Por haber sido un bar tan tranquilo son pocos los momentos excepcionales que me vienen a la mente. Uno de ellos es el de un colado que se nos sentó a la mesa a Carlos y a mí y empezó a mencionar nombres y hechos que sólo él conocía. Me caía mal el tipo porque además de estar sorimbo, era pareja de una señora asidua a las actividades literarias y —aunque no me constaba— se decía que la agredía. Ninguno de nosotros dos mostró intención de convidarlo a tomar algo. Y como en los bares el tiempo se mide por bebidas, Carlos tuvo la paciencia exacta de una cerveza para proceder a alejarlo. Admiré su tacto y su caballerosa argumentación para pedirle que se retirara; yo, en cambio, hubiera sido más directo, sin reparos. Tan diplomático fue que le disparó una cheva, sugiriéndole que se la tomara en cualquier lugar menos en la mesa. El sujeto tuvo que pedir permiso en la barra, que era más bien de servicio, para tomarse la única del día en El Principal, y así pude seguir disfrutando de la amena conversación de Carlos, siempre llena de relatos y retratos de todo tipo.
Otro recuerdo es el de un amigo que llegó acompañado de su compadre desde Campeche. Al asomarse un dueto, apasionado de la música como era, gritó:
-¡Vengan aquí esas guitarras! ¡Esas guitarras aquí!
Mi amigo le pidió varias canciones a ese dueto conformado de un hombre mayor y de uno maduro, los elogió por sus interpretaciones, haciendo notar que la voz del de menor edad se parecía a la de Julio Jaramillo, y luego hizo una inusual propuesta: que les prestaran sus guitarras y que todas las canciones que tocaran con ellas serían pagadas como si el dueto las hubiera tocado. Aun más, podían pedir lo que quisieran beber a cuenta de nosotros. Y de ahí tuve la suerte de escuchar la alternancia de los dos yucatecos y los dos campechanos en un sinfín de canciones todas deleitosas de escuchar.
En una de las veces en que tocaban los visitantes, se acercó un trío recién llegado y con gestos y ademanes llenos de extrañeza uno de ellos les preguntó el porqué de la escena: el dueto consumiendo relajadamente bebidas y botana mientras escuchaba la interpretación de los clientes.
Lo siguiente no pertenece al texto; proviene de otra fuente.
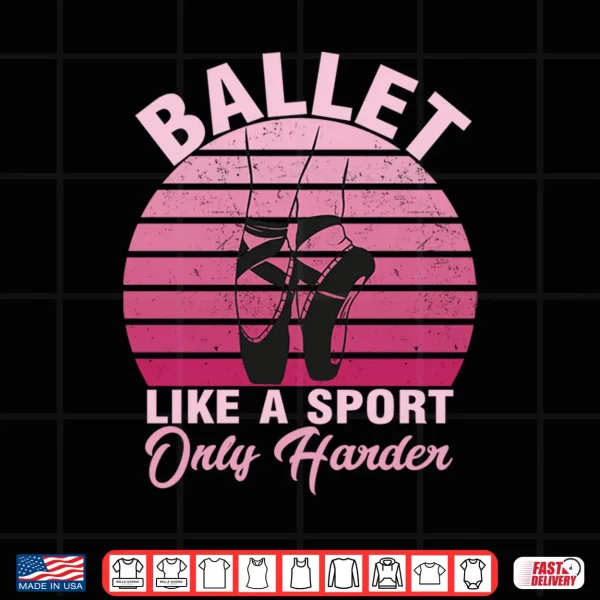Design Girls Dancer Ballet Like A Sport Only Harder Ballet Dancer Performance Shirt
La respuesta, en voz muy baja, fue:
-Y nos van a pagar todo lo que toquen…
Manteniendo su actitud de asombro, el trío se quedó unos minutos ahí, a ver si se les ofrecía la misma solicitud, pero no. No era necesario y se fueron de la planta alta envidiando a sus colegas.
Cuando luego de las numerosas canciones llegó el momento de terminar el improvisado recital, los dos trovadores, como buenos yucatecos, tuvieron la consideración de hacer una gruesa rebaja a la cuentota, pero como buenos campechanos, los dos compadres se negaron por completo a aceptar el descuento y pagaron todo lo prometido. Fue de las pocas veces que ese amigo pudo disfrutar de tocar y oír tocar buena música en las cantinas de Mérida.
Y tan diverso y sustancioso era el acervo de licores de El Principal que me deleitaba yo con la ginebra Tanqueray, a pesar de que procuro casarme en cada ocasión cantinera con un solo tipo de bebida, preferentemente de fermentados, evitando lo más posible el cambio de tercio de los amigos de Roldán o el salto mortal de Conrado.
Pero esa ginebra es tan deliciosa que siempre pedía una o dos copas, y alguna vez que hice notar que la botella parecía siempre contener la cantidad de líquido justamente donde yo la había dejado en mi visita anterior, el mesero me respondió:
-Amigo, el único que consume esta bebida eres tú.
Y en efecto, le fui dando baje solito vez a vez, pero no pude acabarla. Una institución religiosa de las más estrictas compró el predio por ser reacia a toda bebida excitante y no aceptar tener un bar como vecino (incluso si hubiera sido un café lo hubieran también cerrado). Aun con la tolerancia que debemos a esa institución, no dejamos de lamentar que se nos haya privado de uno de los mejores bares que hayamos tenido en Mérida. Cuando menos, sigue viva La Ruina, su siempre recomendable bar hermano.